Erschließung Ötztal und Pitztal in der Kritik

Der Bau von drei Seilbahnen, die die beiden Skigebiete verbinden sollen, ist aus Sicht des Umweltschutzes umstritten.
© WWF / Vincent Sufiyan

Linker Fernerkogel

Es ist ein touristisches Megaprojekt, das in Sachen Umweltschutz weitreichende Folgen haben wird. Seit mehreren Jahren ist die Eheschließung der prestigeträchtigen Skigebiete Sölden und Pitztal geplant. 64 zusätzliche Pistenkilometer sollen den Wintergästen so mit nur einer Liftkarte zur Verfügung stehen. Rund € 120 Mio. würde das Projekt kosten.

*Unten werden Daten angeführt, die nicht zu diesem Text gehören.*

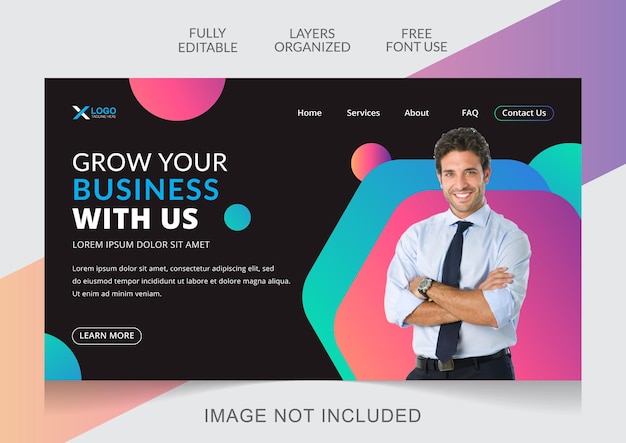 Kreative Marketingagentur Landing Page Design bearbeitbare Vorlage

Die „Allianz für die Seele der Alpen“ – bestehend aus Alpenverein, Naturfreunden und WWF Österreich – warnt vor den langfristigen Folgen von weiterer massentouristischer Verbauung und Naturzerstörung. Für Prestigeprojekte wie die Gletscherverbauung Pitztal-Ötztal wird kostbare Landschaft für immer zerstört, der Bodenverbrauch ist enorm. Daher muss die ungebremste Expansion von Skigebietsfläche mit verbindlichen Ausbaugrenzen eingedämmt werden“, fordern Alpenverein-Generalsekretär Robert Renzler und WWF-Alpenschutzexperte Josef Schrank.

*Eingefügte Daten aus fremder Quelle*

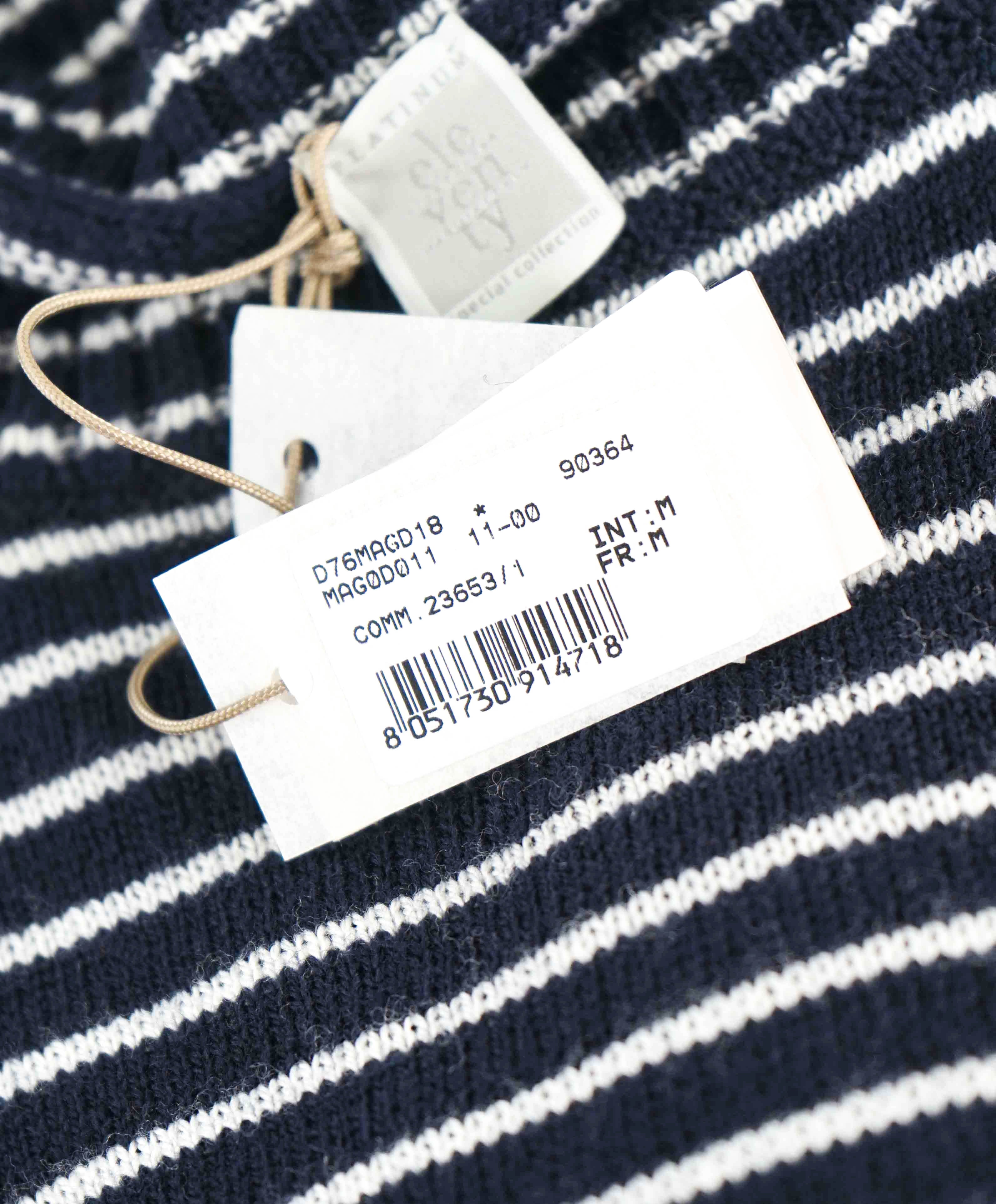 $495 ELEVENTY - Navy / Ivory Stripe Crewneck Wool Sweater - M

Nur noch sieben Prozent der österreichischen Staatsfläche sind heute weitgehend naturbelassen und unerschlossen. Drei jetzt noch unberührte Gletscher könnten schon bald aus dem Prozentsatz gestrichen werden. Die Fakten: 35.000 Kubikmeter verbauter Beton, Sprengung und Abtrag von über 750.000 Kubikmeter Gestein, Erde und Eis, mehr als 116 Fußballfelder permanenter Flächenverbrauch. Zusätzlich zu drei Seilbahnen und einem Skizentrum, werden ein Speicherteich zur technischen Beschneiung von 10 Hektar benötigt. Ohne Frage regnet es hier mächtig Kritik. Größter Garant für Ärger ist aber die angebliche Sprengung am Linken Fernerkogel. Hier soll die Mittelstation der Seilbahn nach Sölden ihren Platz finden. Der Gipfel ist dabei im Weg und muss weichen – heißt es zumindest in den meisten Medien. Nun melden sich die Bergbahnen Sölden zu Wort. Bei dem Gipfel handele es sich keinesfalls um den Gipfel des Linken Fernerkogels. Tatsächlich sei dies eine namenlose Gratspitze, die um 36 Meter begradigt werden soll. Richtig ist laut Bergbahnen, dass der Bereich rund um den Linken Fernerkogel seit 2005 mit einer raumordnungstechnischen Widmung des Landes Tirol für eine skitechnische Erweiterung prinzipiell freigegeben ist.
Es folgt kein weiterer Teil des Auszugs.